A alfabetização na idade certa deve acontecer segundo a legislação até o 2º ano do Ensino Fundamental. Entre os municípios cearenses, Fortaleza tem a menor taxa de analfabetismo, com 5,6%, um total de cerca de 150 mil pessoas não sabem ler ou escrever na Capital. Em seguida, vêm Eusébio com 5,6%, Maracanaú com 7,2%, Caucaia com 8,4% e Pacatuba com 8,6%. Segundo os mesmos dados, os municípios com as maiores taxas de analfabetismo são do Interior do Estado: Quixelô com 29,1%, Granja com 29%, Aiuaba com 28,3%, Salitre com 28,2% e Barroquinha com 27,8%.

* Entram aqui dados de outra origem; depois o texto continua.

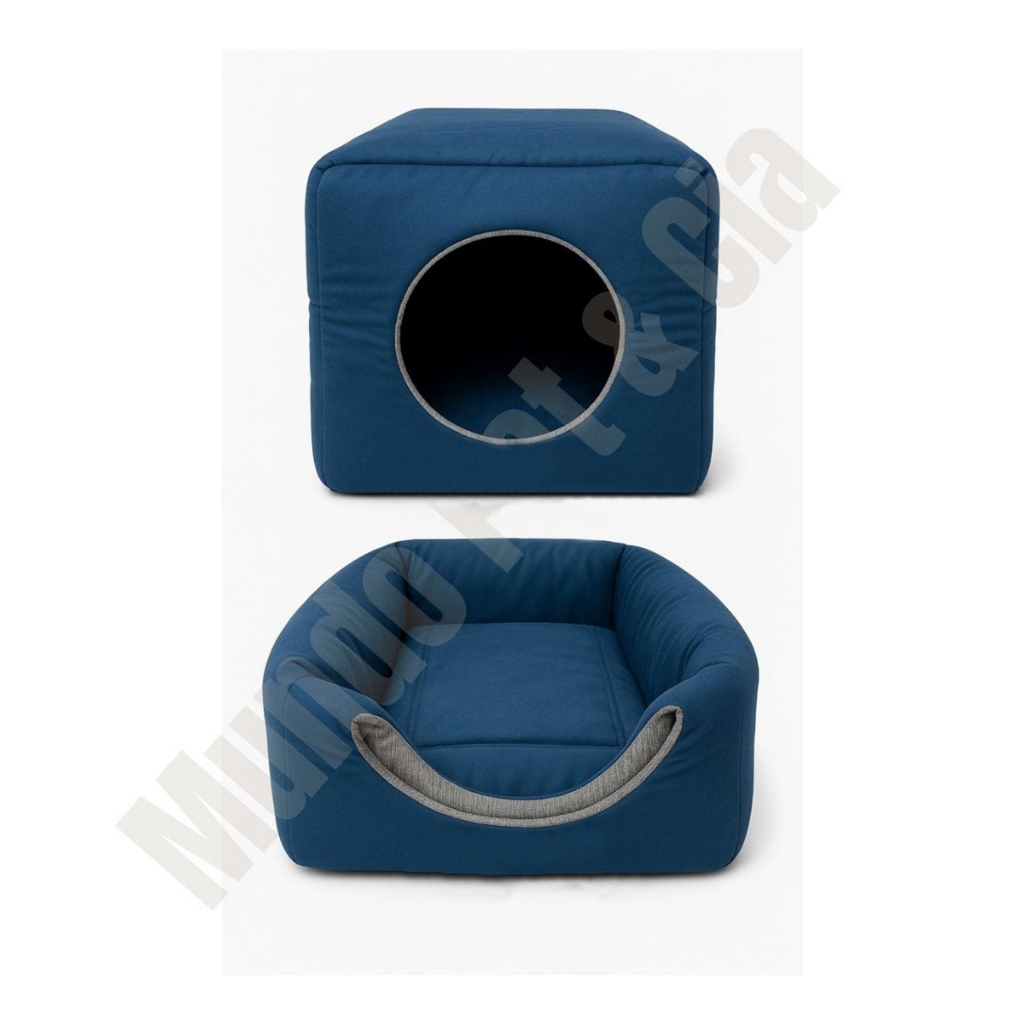 casinha  cama toca lglu 3x1 para cães e gato tamanho P,M,G, fundo impermeável colchão removível 💯 fibra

Pacatuba, que tem a quinta menor taxa de analfabetismo, foi procurada pela reportagem, mas não houve retorno. A Secretaria de Educação de Barroquinha, que tem a pior taxa, também foi procurada, mas os e-mails enviados retornaram à redação como não localizados. Questionado pelo O Estado sobre seus dados mais atuais, o Ministério da Educação (MEC) afirmou que sua base de informações são os números do Censo 2022 do IBGE, os mesmos usados pela reportagem.
Como driblar
Mauro Regis, 36, conta que a falta de estímulo o fez largar os estudos na quarta série. “Eu ia para o colégio somente para brincar e merendar. Não tive o incentivo que precisava para continuar”, relembra. A evasão escolar é um dos principais desafios, principalmente no Ensino Médio. Segundo estudo realizado pela Unicef, entre 2016 e 2019, mais de 11 mil crianças e adolescentes abandonaram os estudos no Interior do Ceará.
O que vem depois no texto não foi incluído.